There are two conditions. First of all, obviously, voters may not approve of your changes; and if you're voted out of office, no matter how well things are going, you lose. Secondly, you have the national debt to worry about.

The national debt is by far the harder problem to cope with. You can win people's votes pretty easily, by setting up federal programs that are targeted to their interests; the game's structure is set up to make this pretty clear and easy.

But almost every good idea seems to be expensive! And raising taxes will kill you, politically. And there's already a mountain of national debt to work your way out of. Trying to reduce the national debt changes you from a confident social reformer to a hag-ridden penny-pincher who ends every policy discussion with "We can't afford that."

Into this desperate situation comes a thought: the Flag-Burning Amendment doesn't cost anything. It boosts my popularity with certain groups in a cheap and easy way, so that I can either cut these programs or raise those taxes, which normally would send them into a fury and guarantee my loss next election...

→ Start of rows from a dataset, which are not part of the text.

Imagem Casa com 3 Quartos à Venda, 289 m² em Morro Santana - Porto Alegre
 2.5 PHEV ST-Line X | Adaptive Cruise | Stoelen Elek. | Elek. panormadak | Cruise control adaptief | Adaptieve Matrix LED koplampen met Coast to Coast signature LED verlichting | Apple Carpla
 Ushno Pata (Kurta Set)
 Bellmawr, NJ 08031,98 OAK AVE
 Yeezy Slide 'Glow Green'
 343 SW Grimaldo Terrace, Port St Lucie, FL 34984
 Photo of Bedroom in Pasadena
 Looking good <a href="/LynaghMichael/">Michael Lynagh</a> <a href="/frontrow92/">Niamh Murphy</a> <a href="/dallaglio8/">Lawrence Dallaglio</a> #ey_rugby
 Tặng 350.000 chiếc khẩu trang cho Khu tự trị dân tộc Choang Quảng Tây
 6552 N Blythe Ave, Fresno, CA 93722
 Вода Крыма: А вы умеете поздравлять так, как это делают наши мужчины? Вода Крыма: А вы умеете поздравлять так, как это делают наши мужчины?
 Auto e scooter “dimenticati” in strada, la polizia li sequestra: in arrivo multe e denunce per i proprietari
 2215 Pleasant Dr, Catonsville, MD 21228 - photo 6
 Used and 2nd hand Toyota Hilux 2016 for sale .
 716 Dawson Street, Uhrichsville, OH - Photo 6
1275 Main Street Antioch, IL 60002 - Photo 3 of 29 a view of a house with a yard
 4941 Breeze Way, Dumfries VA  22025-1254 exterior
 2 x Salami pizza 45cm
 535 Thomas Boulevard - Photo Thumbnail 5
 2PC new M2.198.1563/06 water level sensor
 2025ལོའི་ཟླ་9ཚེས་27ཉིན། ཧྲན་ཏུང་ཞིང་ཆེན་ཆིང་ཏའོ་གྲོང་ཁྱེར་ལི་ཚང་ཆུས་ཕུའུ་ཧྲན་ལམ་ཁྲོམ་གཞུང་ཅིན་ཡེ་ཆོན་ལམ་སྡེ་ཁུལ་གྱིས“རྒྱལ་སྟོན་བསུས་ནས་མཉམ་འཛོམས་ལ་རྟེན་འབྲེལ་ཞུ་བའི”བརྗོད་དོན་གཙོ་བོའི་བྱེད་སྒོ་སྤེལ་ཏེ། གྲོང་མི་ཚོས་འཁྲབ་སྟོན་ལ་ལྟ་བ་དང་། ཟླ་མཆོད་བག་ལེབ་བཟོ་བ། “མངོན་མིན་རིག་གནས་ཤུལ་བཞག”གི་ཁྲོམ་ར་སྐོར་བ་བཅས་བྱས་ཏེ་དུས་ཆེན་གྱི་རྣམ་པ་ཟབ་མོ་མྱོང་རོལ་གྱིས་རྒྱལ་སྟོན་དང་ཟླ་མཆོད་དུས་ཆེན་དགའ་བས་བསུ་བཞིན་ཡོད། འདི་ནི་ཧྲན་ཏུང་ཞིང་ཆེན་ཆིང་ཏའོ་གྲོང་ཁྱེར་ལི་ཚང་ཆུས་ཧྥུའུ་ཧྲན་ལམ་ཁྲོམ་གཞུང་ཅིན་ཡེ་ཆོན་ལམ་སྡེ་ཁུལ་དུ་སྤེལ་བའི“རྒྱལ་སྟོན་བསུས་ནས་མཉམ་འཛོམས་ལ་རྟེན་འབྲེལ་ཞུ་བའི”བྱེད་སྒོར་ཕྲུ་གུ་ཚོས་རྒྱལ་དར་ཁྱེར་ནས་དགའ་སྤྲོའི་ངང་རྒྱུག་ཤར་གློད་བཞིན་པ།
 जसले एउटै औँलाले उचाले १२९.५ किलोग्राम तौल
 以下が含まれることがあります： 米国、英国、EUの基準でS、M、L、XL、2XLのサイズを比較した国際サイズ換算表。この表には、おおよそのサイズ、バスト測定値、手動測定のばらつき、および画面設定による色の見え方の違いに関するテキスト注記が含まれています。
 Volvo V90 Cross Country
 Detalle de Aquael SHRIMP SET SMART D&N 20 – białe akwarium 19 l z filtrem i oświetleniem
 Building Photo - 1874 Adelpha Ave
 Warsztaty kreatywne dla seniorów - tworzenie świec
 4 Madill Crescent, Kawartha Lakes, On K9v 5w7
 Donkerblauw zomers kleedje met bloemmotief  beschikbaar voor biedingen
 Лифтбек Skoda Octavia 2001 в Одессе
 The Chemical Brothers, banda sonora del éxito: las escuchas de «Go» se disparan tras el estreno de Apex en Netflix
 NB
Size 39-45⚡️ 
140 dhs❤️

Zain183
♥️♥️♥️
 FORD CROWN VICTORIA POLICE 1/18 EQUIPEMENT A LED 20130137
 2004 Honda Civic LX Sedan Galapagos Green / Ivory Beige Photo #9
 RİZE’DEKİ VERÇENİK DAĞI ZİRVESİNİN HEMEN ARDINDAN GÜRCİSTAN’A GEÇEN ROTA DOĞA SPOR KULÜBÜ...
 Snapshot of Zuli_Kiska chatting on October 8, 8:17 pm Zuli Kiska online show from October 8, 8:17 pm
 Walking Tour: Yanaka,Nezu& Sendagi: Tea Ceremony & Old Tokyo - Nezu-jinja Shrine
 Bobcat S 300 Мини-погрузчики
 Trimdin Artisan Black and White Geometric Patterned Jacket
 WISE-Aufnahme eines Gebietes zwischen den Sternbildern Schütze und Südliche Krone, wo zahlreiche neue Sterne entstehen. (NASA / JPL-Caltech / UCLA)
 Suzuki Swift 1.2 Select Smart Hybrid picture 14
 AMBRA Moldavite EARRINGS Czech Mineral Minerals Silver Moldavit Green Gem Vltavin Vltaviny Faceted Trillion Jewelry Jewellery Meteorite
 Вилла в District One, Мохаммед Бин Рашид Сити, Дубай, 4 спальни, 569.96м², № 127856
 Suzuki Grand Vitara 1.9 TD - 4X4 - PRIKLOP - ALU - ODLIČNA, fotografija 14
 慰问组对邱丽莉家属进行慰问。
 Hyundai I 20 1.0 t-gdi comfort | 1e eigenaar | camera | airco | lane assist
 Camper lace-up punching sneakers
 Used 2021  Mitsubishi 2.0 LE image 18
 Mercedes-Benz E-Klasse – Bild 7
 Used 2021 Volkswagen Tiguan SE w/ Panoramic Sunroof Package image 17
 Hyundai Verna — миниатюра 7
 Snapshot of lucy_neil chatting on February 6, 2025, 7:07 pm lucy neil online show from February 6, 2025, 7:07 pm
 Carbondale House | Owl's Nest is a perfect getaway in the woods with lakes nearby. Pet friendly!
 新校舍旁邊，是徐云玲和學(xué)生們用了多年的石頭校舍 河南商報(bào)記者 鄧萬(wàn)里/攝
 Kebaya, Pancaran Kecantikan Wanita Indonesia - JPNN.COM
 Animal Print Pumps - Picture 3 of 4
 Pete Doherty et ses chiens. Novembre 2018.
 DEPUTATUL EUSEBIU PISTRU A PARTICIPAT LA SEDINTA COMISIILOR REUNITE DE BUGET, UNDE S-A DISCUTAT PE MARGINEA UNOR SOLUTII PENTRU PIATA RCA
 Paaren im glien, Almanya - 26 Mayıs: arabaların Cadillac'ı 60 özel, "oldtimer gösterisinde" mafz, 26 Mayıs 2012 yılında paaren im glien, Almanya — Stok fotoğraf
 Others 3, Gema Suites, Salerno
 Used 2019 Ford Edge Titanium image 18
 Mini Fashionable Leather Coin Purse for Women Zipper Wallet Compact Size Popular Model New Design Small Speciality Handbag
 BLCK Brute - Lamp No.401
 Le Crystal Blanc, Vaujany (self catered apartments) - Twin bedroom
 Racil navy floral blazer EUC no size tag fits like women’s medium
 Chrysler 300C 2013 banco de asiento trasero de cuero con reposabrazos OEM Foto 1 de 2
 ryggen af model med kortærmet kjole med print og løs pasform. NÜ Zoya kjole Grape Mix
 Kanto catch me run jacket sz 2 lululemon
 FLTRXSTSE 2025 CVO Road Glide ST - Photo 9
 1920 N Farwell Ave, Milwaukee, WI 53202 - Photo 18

That's just an example. There are lots of free, horrible-idea programs whose only purpose is to please some interest group. And I would never have considered them under normal circumstances. But the fascination of the game is how its logic forces you to consider passing them; not because you like them, but just because it gets you some breathing space to get the real job done.

I don't know if that's even passingly comparable to real-life politics. But it wouldn't surprise me at all.